The best performers were market neutral funds, which aim to deliver stable returns whatever the market weather, and funds that can take both long and short positions, which made money when prices tumbled.
These managers are phlegmatic about the second half, but for long-only funds, the picture is less reassuring given the headwinds from a stronger dollar and uncertainty over Chinese credit growth.
“If you have sustained good economic news or not, then you have a direction for commodities either way, and a trend is likely to form,” said Jon Spencer, president at Gresham Investment Management.
“Whether prices go up or down, our strategy will do well, but long-only funds have to hope for a sustained period of economic growth for commodities to perform.” The Nuveen Gresham Long/Short Commodity Strategy Fund topped the Lipper league table last quarter with a 1.76 percent return.
Spencer said if the Fed feels confident that it can slow the pace of its bond-buying, this implies sustained employment gains, a stronger economy, and a pick up in demand for economically-sensitive commodities such as energies and base metals. More people will be driving to work, consumption will pick up, and businesses will expand.
His fund is holding long positions in crude oil and oil products, and has just gone long copper, although it remains short aluminium, nickel and lead. Likewise, short positions in gold and silver initiated in the middle of last quarter have been maintained.
But China poses a bigger question - if it decides to slow credit growth to keep a lid on inflation, this will hinder commodity prices. “China is a big importer of most commodities,” said Spencer. “That could offset potential price rises in industrial metals and energies. It’s not a straight line.”
Commodity managers find choppy markets hard to trade - they prefer strong, persistent trends that allow them to build positions before the trend reverses.
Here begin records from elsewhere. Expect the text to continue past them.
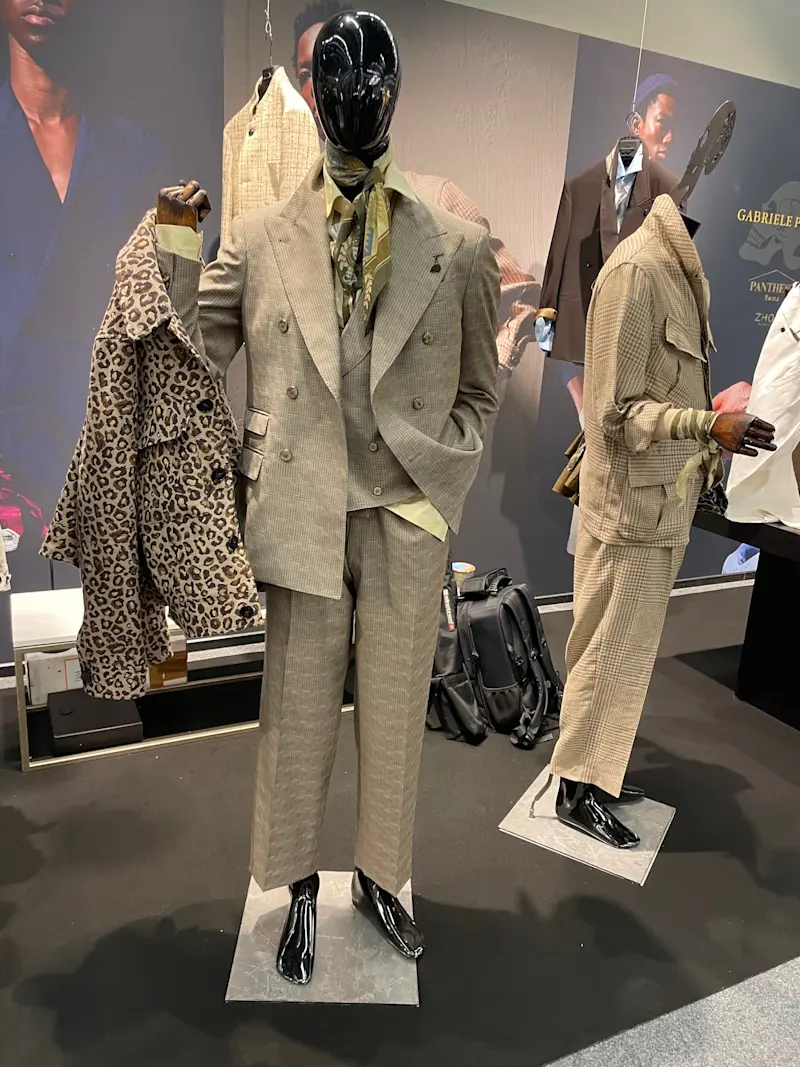 Gabriele Pasiniのクレープコットンのスーツ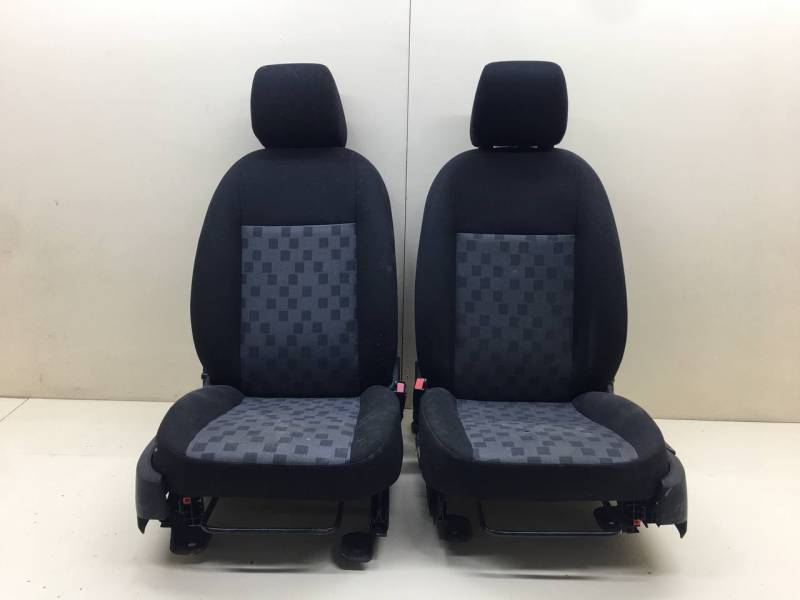 Сиденье (комплект) Ford Focus 2 (DB) 2008-2011 Сиденье (комплект) Ford Focus 2 (DB) 2008-2011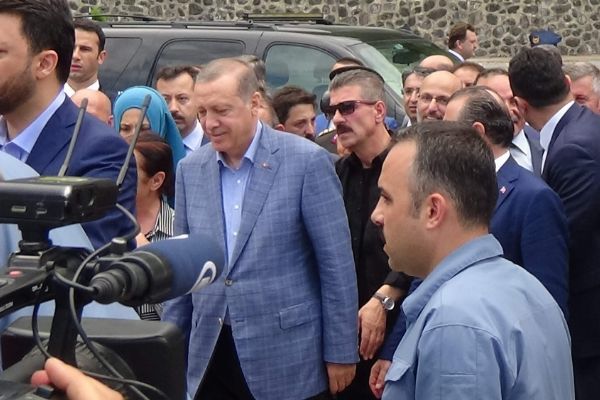 Cumhurbaşkanı Erdoğan Sarp Sınır Kapısında inceleme yaptı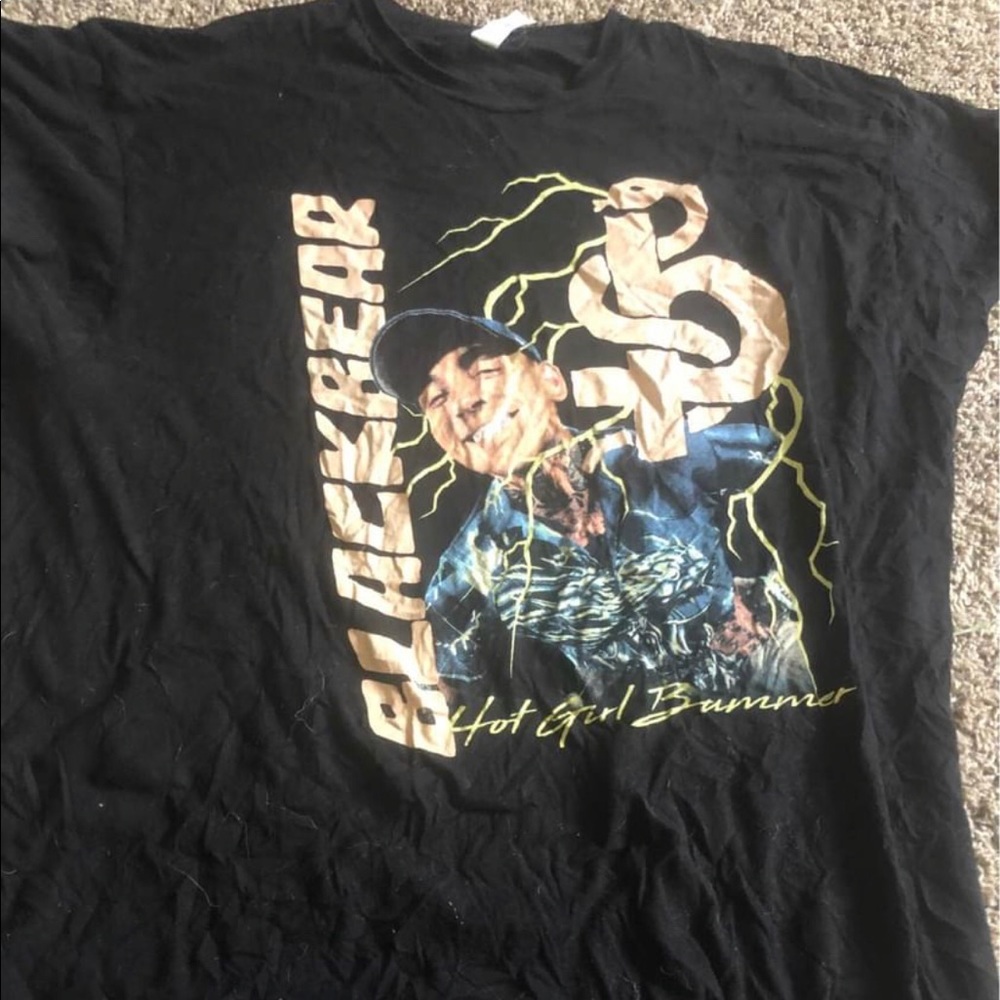 Hot Topic BlackBear T-shirt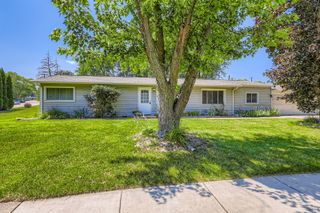36180 N Grandwood Drive, Gurnee, IL 60031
For this reason, Brian Ziv, co-manager of the William Blair Commodity Strategy Long/Short Fund, which came fifth in the Lipper league table, believes an end to stimulus is not necessarily a bad thing.
“If quantitative easing eases, if Chinese demand for commodities slows, or if Europe falls back into recession, then commodity prices may continue to fall,” he said. “From our standpoint, steadily falling commodity prices may prove more profitable than the erratic movement that has characterised commodities over the past few years.”
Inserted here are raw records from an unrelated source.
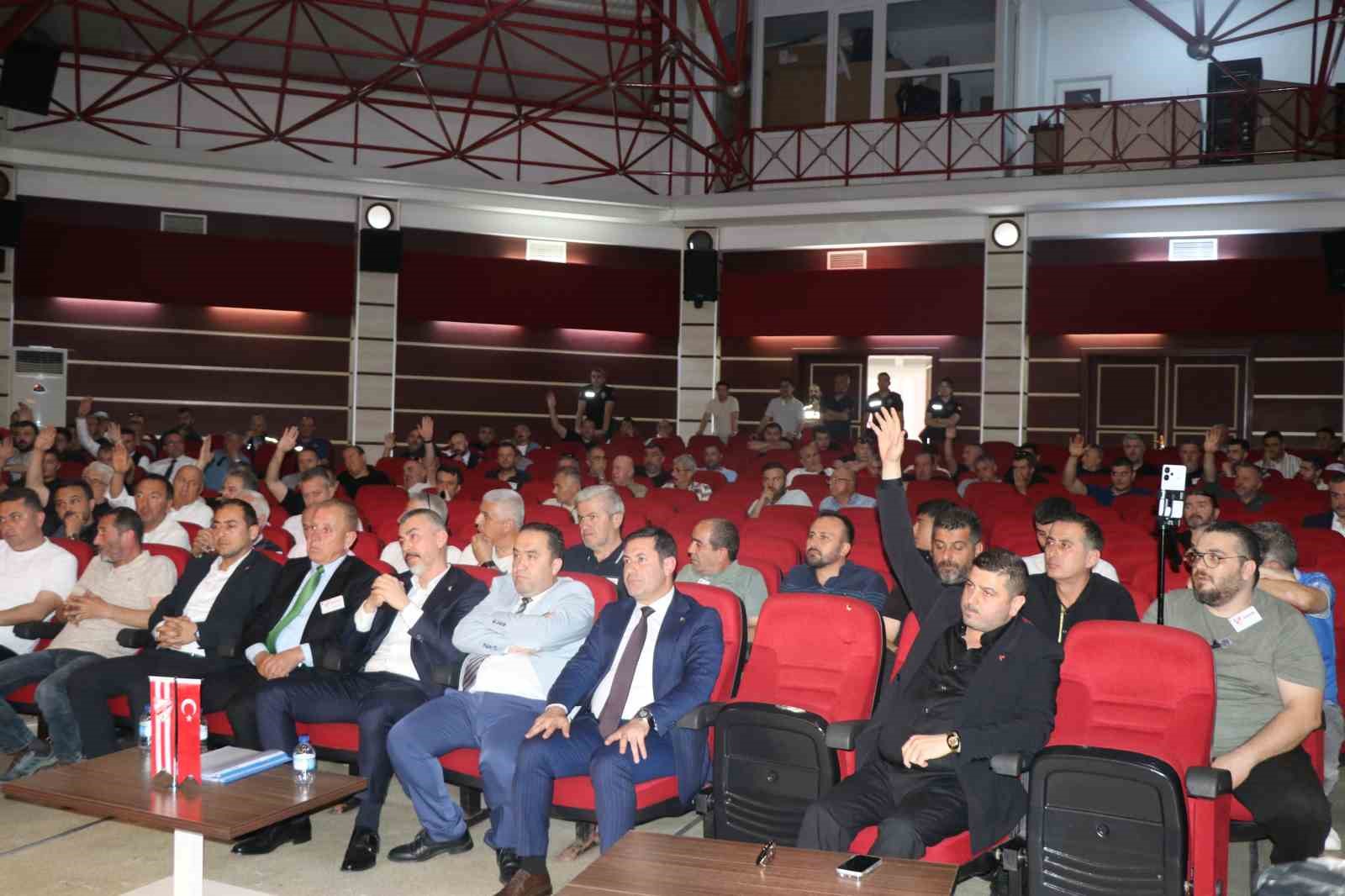 Boluspor’da Erdal Bayrak yeniden başkan seçildi 7 bolusporda erdal bayrak yeniden baskan secildi 3 gWNKtKip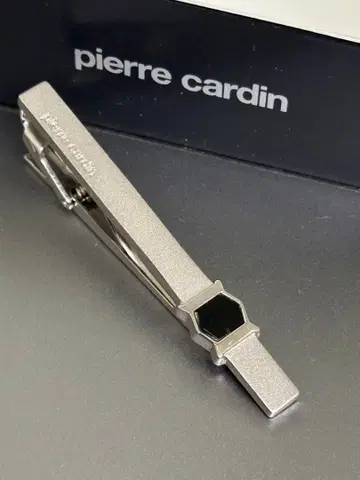 피에르 가르뎅 넥타이핀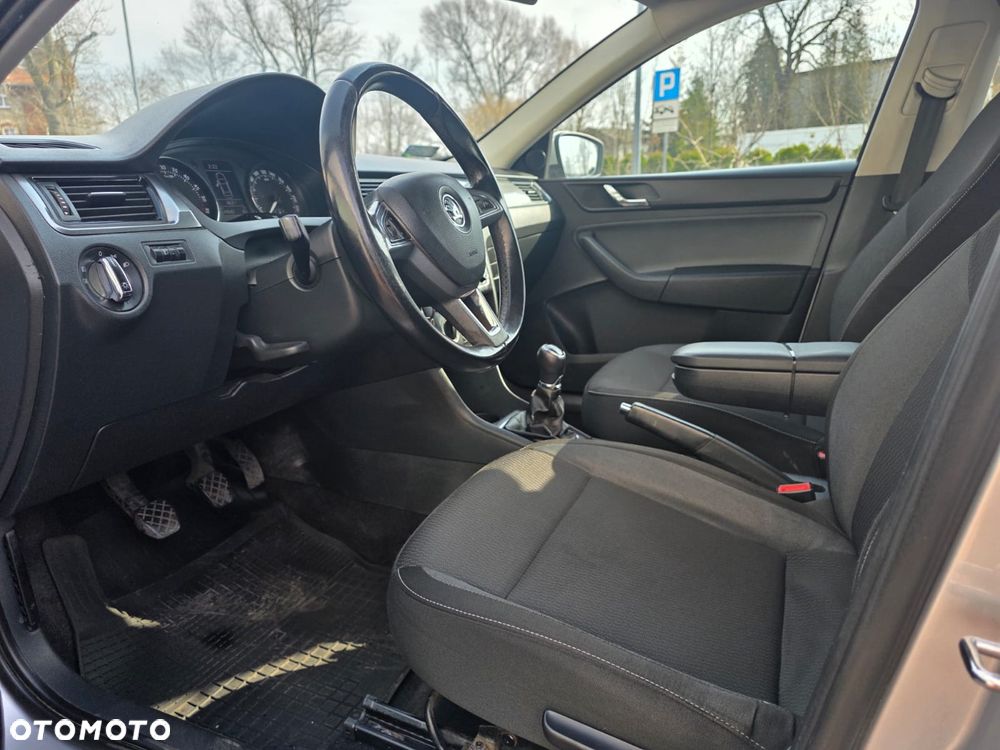 Skoda RAPID 1.6 TDI DPF Edition - 9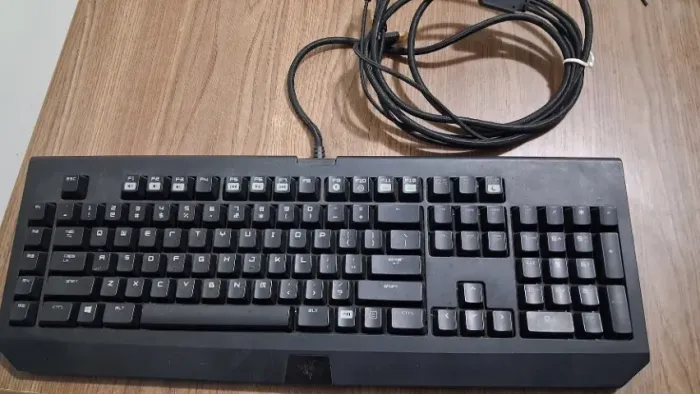 Teclado razer blackwidow chroma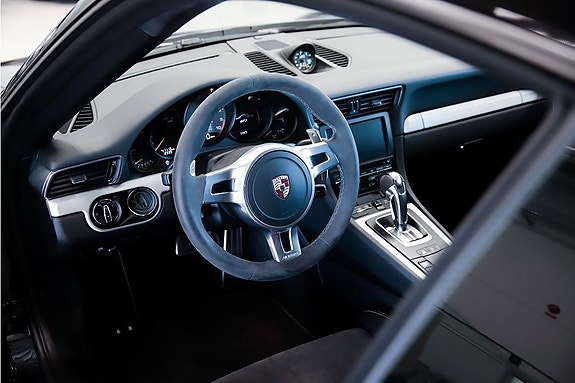 Porsche 911 GT3 13 of 16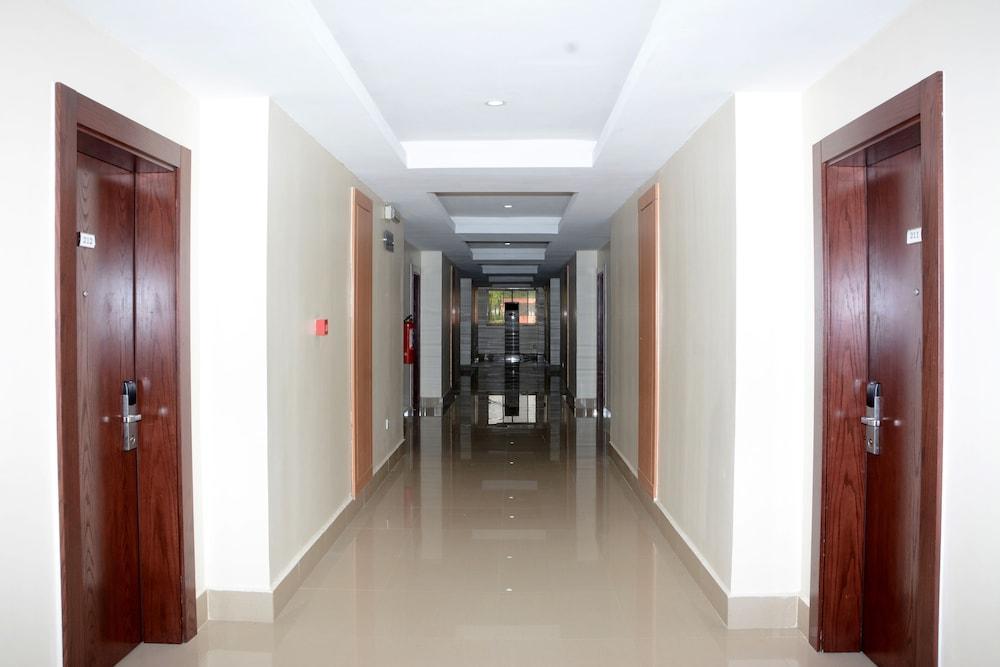 Protea Hotel Asokoro Абуджа Екстериор снимка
Spencer agreed that until there is a clear direction for the global economy, volatility will continue to spike periodically. The Fed now seems divided on when to end its stimulus programme, adding to the confusion for managers, and Japan, Britain and the rest of Europe aren’t out of the woods yet.
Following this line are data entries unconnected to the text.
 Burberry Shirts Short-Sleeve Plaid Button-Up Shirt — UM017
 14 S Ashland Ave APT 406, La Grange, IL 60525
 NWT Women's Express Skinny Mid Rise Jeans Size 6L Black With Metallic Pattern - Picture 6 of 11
However, Lorenz Arnet, founding partner at InCube Capital, whose market neutral Commodity Relative Value Fund came third in the Lipper table, believes that most of the negative news is now priced in.
In addition, an end to the Fed’s programme, which has lifted most commodities in a “risk on” trade, may mean a return to commodities trading on their own supply and demand fundamentals.
“We expect higher dispersion among the individual commodities than we had during the risk on/risk off market (experienced under QE),” said Arnet.
Credit Suisse’s Nelson Louie, global head of commodities in asset management and Christopher Burton, head of portfolio management in commodities, also see fundamentals playing more of a role in price direction after a long hiatus.
The CS Commodity ACCESS Strategy Fund came ninth in the Lipper league table, partly on the back of short positions in wheat and corn, which were pressured by plentiful supplies, and an overweight position in lean hogs.
“Lean hogs was one of two major commodities that rose during the quarter, increasing 7.02 percent amid tight near-term supplies and strong seasonal demand,” the fund said.
If the market adjusts to a slower pace of global growth, the fund sees supply divergences such as these playing an increasing role at a time when the higher correlation between other asset classes and commodities seen since 2008 has begun to decline.
“This may enhance the diversification properties that commodities offer and may signal a return to a more fundamentally-driven market,” the fund said.